Watching the Summer Skies
Summer is a great time to get outside, go camping, and watch the stars come out. This is something I like to do at least once a summer, and more than that if I can manage it. This year, my interest in stargazing has a new dimension: I have been studying astrology, and am now watching stellar bodies with renewed interest. In the interests of getting serious about learning the ropes of astrology, I decided to make some bullet journal spreads as a reference to help me study.
Natal Chart and Astrological Reference
One of the things that most new astrology students do is to study their own natal chart, which captures the positions of the planets and stars at the moment of a person’s birth. I’m lazy and didn’t want to do all the complicated calculations to figure out the positions myself, so I used the natal chart calculator available at Cafe Astrology so that I could focus my efforts on making my pages look good. As I usually do, I used a ruler, protractor, and mechanical pencil to sketch out these layouts, and tried to fit in the information as densely as possible. When I felt certain that I liked how it looked, I used my set of Sakura Pigma Micron Pens to ink the spreads. I also used “The Only Astrology Book You’ll Ever Need” by Joannaa Martine Woolfolk as a reference, along with a handful of astrology websites.
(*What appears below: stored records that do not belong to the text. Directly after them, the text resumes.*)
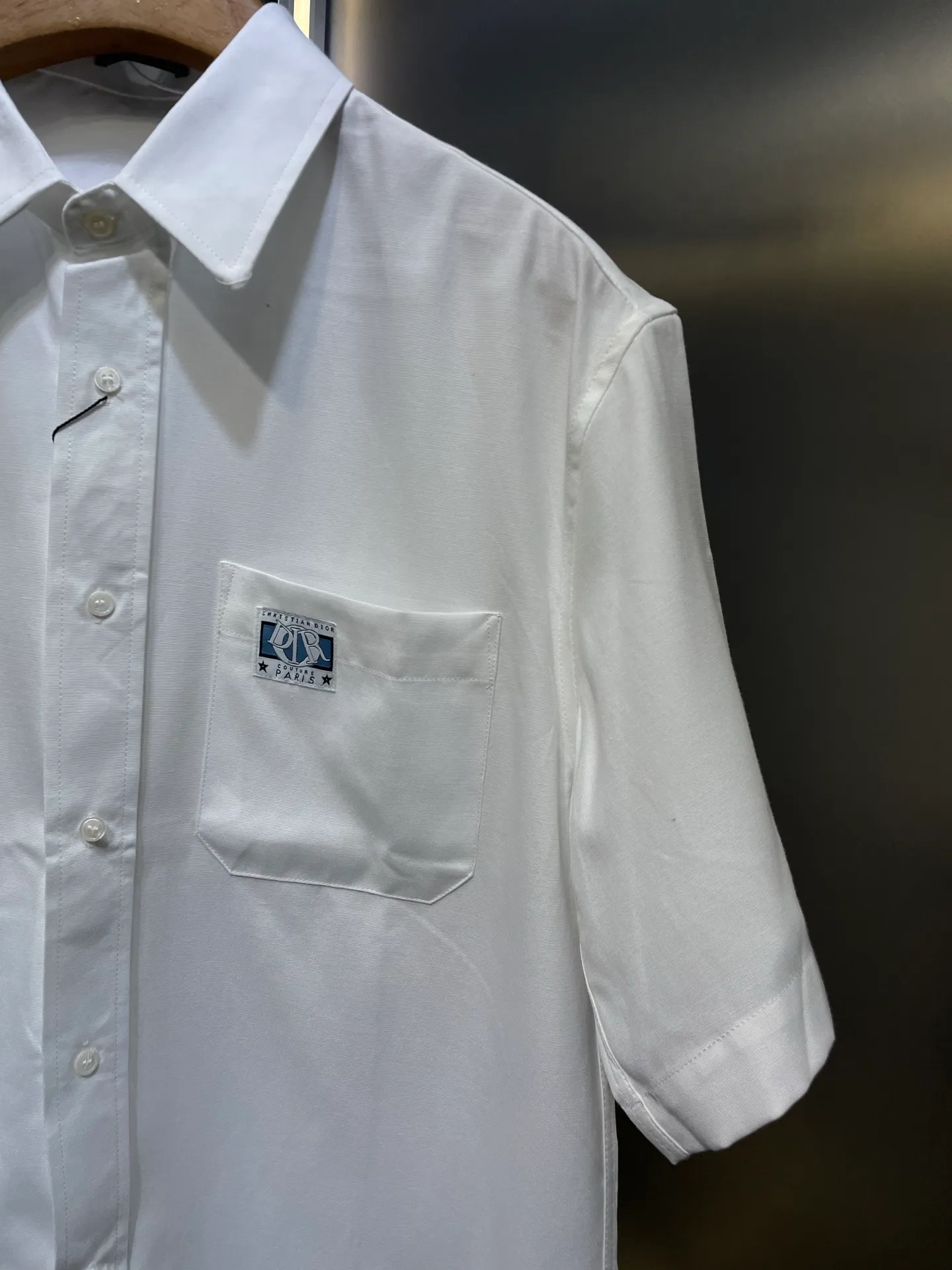 🅿️380 Dior 🌟【Top Replica】Label short-sleeved shirt. Made of Oxford spinning. Designed and processed using combed cotton fabrics. Light and breathable. Comfortable and close to the skin. Decorated with patch pockets on the chest. Highlights the classic Dior Charm. Woven label embellishment. Clean fit. Innate affinity. No unnecessary complexity. Elegant temperament. Refreshed. Process 1: Use imported special machine infrared to position the "Dior label" for more accurate positioning. Firm and strong Craftsmanship 2: Three-dimensional cutting of human body Return to traditional craftsmanship through segmentation, folding, shrinking and stretching techniques. The so-called slow work produces fine work, which is the respect for materials and the pursuit of feel. Complex workmanship, tedious, slow timeliness, high loss. Accessories: Customized 1:1 Dior trademark Customized 1:1 Dior buttons Version: Fitted version Size: 37 38 39 40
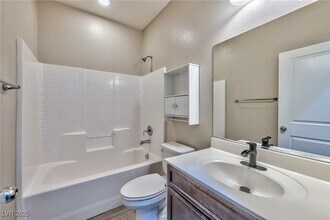 6731 Sumatra St in Las Vegas, NV - Foto de edificio - Building Photo
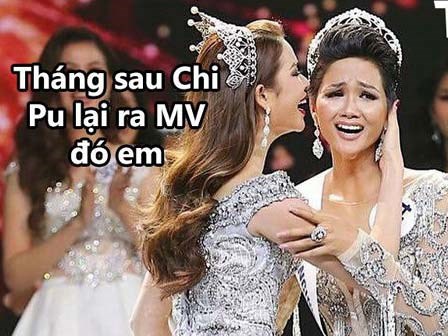 Biểu cảm lúc đăng quang không rõ “cười hay mếu” của Tân hoa hậu Hoàn vũ H’Hen Niê lại thành nguồn chế ảnh bất tận!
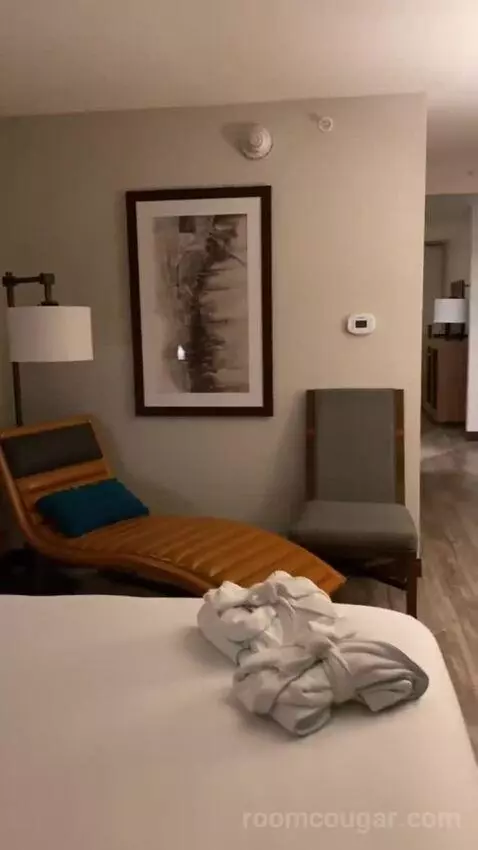 Addy's Suite, 1 Bedroom Suite, 1 King, Poolside bed picture #6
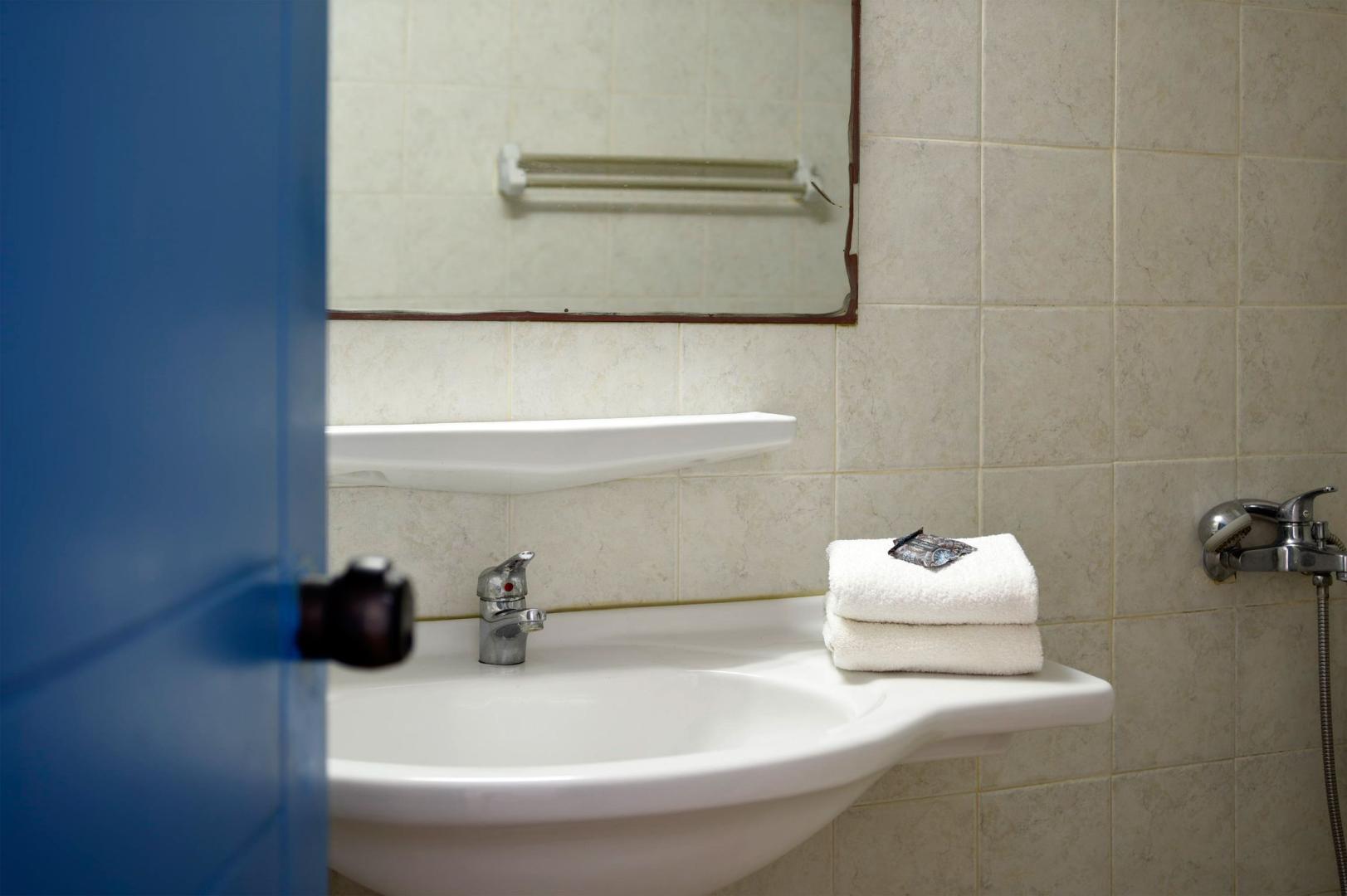 Badkamer met inloopdouche — Azul Eco Hotel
The right side of this spread is completely dedicated to an exploded reading of the planetary positions in my natal chart, complete with the names of the positions and some basic keywords. The center figure started as a basic circle drawn with a protractor, and I used a circle template to add the concentric inner circles around the central point. Most of this was drawn with the 180 degrees of the circle divided into twelve equal 30-degree angles; the houses don’t perfectly match the division of the signs, but were drawn in by hand using the computer-generated chart as a reference. The positions of the planets, houses, and signs are all included here, along with the ascendant line and the midheaven point. In the lower left corner of the spread, I added the aspects in my natal chart.
I wanted to add a lot of basic reference information as well, so that I could refer back to these spreads over and over again. I included several lists: the signs with their symbols, associated elements, ruling planets, dates, and keywords; and the houses, with keywords and their native signs, as well as a list of the symbols used. As I mentioned earlier, I’m a newbie to astrology, so hopefully experienced astrologers will excuse any mistakes made in these spreads. While I did spend a fair amount of time inking these spreads, I won’t lie — the majority of the time that I spent on these spreads was spent on research, which is pretty unusual for a bullet journal spread.
The 2019 year calendar was difficult to fit into a small space, but I used the Llewellyn’s 2019 Witches’ Calendar as my reference for most of the included planetary transits. My calendar simply includes which sign each planet is in during each half of each month of the year, along with the moon’s path and phases. Below this, I added the year’s meteor showers and eclipses. After filling out the symbols on the facing page, I found I still had a lot of space left — so I decided to add the constellations of the zodiac and a big more art here. These spreads are now basically full of information, though there’s room to add a few additional notes. I may be a beginner, but I feel like I’ve now got a great reference to help me move forward with my studies, something I can come back to again whenever I have astrology to do!